| Aim of the exercise |
Pictures aside, every line of the listing should be given again exactly.

| Recorded data |
******

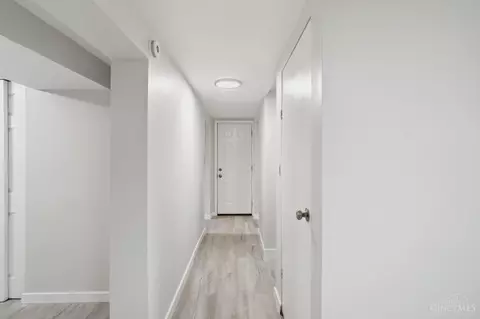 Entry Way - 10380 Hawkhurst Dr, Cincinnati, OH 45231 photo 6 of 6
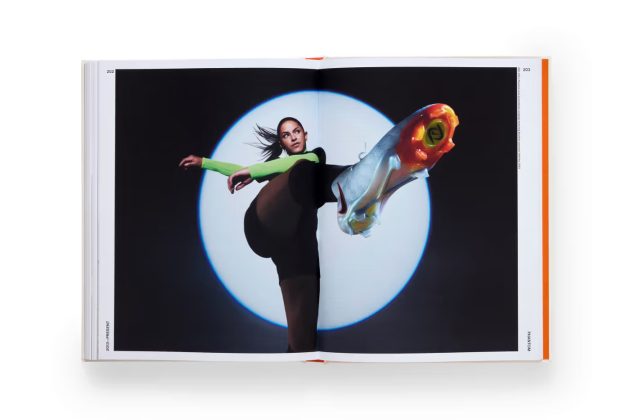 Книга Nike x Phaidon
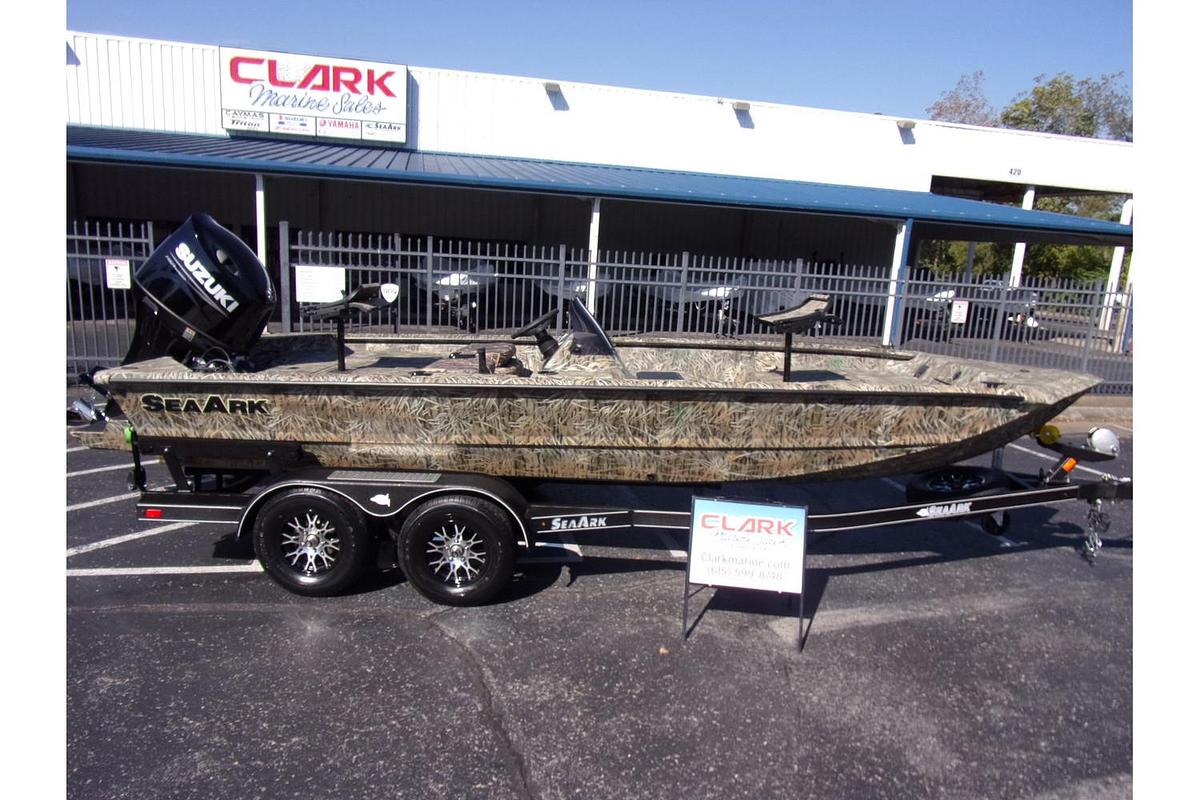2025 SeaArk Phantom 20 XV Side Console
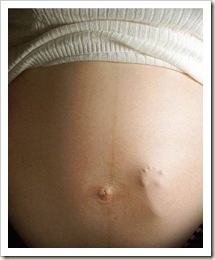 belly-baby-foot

******

| Task answer |
 Entry Way - 10380 Hawkhurst Dr, Cincinnati, OH 45231 photo 6 of 6
 Книга Nike x Phaidon
2025 SeaArk Phantom 20 XV Side Console
 belly-baby-foot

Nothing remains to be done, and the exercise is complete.